Old Men With Guns: ‘Stand Up Guys’

“So, I kind of missed you,” says Doc (Christopher Walken), on seeing his old friend Val (Al Pacino) after some 28 years. They assess one another (“You look like shit”), hug briefly, look predictably pained, then say outright what you see already, that maybe one of them has said too much.

The bromantic setup has a backstory, revealed in little bits over the course of Stand Up Guys, having to do with Val going to prison after a job went wrong. That job would have been robbery, or some other smalltime mobsterish activity, and when it went wrong, someone dies, as tends to happen during such activities. It happens that the someone was the son of the man who hired Val and Doc, a man bearing the colorful moniker of Claphands (Mark Margolis). He intends that Val will pay the price, and he’s assigned the contract to Doc, whom he’s bullying with threats against his granddaughter, Alex (Addison Timlin), who doesn’t actually know who Doc is, but sees him every day when he comes to eat eggs at the diner where she works.

The contract, such as it is, creates tension between the guys, because they both understand the stakes and appreciate the stand up repercussions of both doing and not doing the job. They also mean to spend a great last night together, reliving the olden days when they were young and virile and even more reckless than they might be now. And so, Val and Doc embark on one of those wild adventures typical of recent high school movies, except that they’re really old, which provides for much hilarity.

Or it would, if the premise was in any way hilarious. It might have seemed that way on paper, the way that rapping grandmothers once seemed funny on paper, but in practice, Val and Doc’s wannabe-antic episodes are just tedious. They go to a whorehouse, they free a third buddy, Hirsch (Alan Arkin), from a nursing home, they help themselves to meds at a pharmacy and go montage-clothes-shopping, and then they take a trip to the hospital, where they run into Hirsch’s nurse daughter, Nina (Juliana Marguiles). She remembers the guys, sort of, or at least she remembers that when she was 10, Doc tossed her into the air and caught her, a sensation she recalls as pleasurable (“like I was flying”). Now, though, Nina’s called on to treat Val’s ridiculous erection, brought on by a handful of Viagra pills — that is, one of those wait-for-it cause-and-effect bits you’re asked to anticipate for long minutes.

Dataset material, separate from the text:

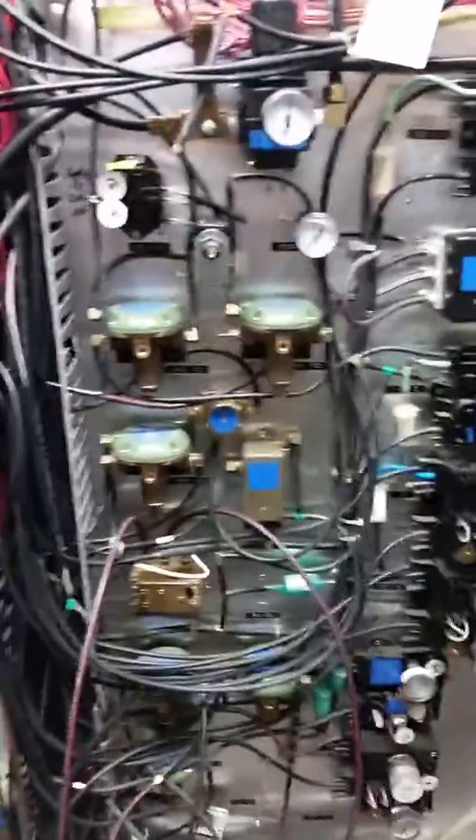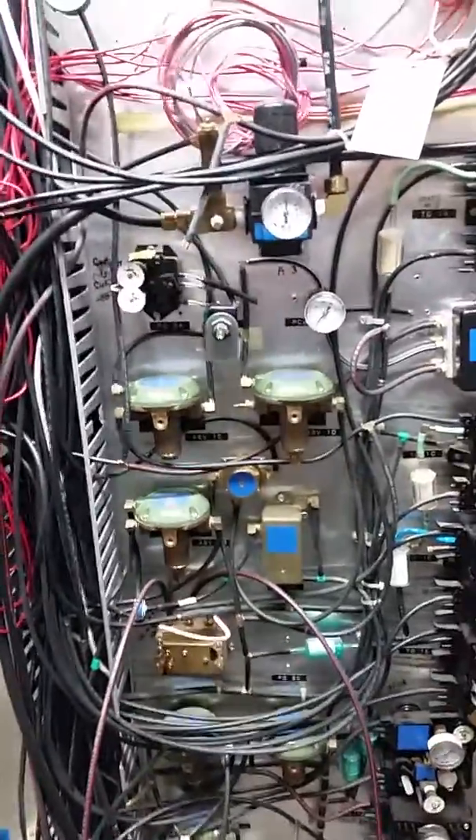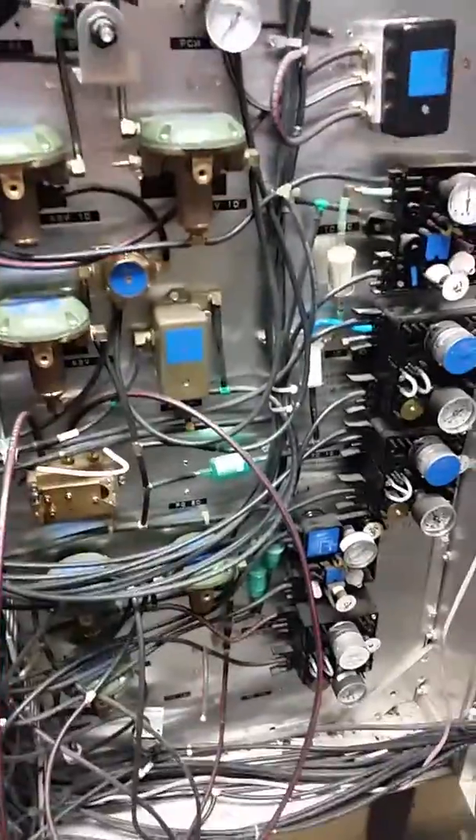This is part of my job today, one of my jobs, and every time I get in this cabinet over here at Miles' house, something's going on.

The other bits are less protracted, but no less predictable. One of the guys is an especially awesome lover, such that his 10 minutes in the brothel produce the eternal gratitude of the beautiful women who service him (“Vat is the vord in English?” whimpers his Russianate prostitute (Kathryn Winnick) as he makes his way out the door as she hangs all over him, “Love?”). Doc is kind of a father figure to the madame, Wendy (Lucy Punch), also daughter of the prior proprietor: rather than head upstairs, he has a drink with her in her office, where they swap philosophical clichés: “My mother always told me, ‘Do the best you can with what you’ve got.'”

That notion is one of many bromides in this boy-bonding exercise, though it is one that unfortunately points to what the movie does not do, which is any sort of “best.” Repeatedly, it conjures rationales so the guys can drive fast or shoot someone or charm a lady. By the time Val and Doc are rescuing a rape victim, Sylvia (Vanessa Ferlito), then offering her the tied-up offenders so she can enact her own personal and rather ferocious retribution, you may be less inclined to care what happens to whom tan to wonder what either Pacino or Walken had in mind when he signed up for this.

Early on, when Val first glimpses Doc’s drab and tiny apartment, the film offers a semblance of a reason for the characters’ nostalgia. A few old photos suggest that as young men, they spent their time together, wreaking havoc as a crew. Val’s prison term sent them into separate tailspins, such that neither of them recovered or found another best friend (Val says more than once that Doc’s apartment reminds him of his prison cell). As they come back together, though, Doc and Val aren’t able to relive or recover the past as much as they’re left regarding it — like it’s someone else’s not-so-well-remembered experience, perhaps a movie they’d be better off forgetting.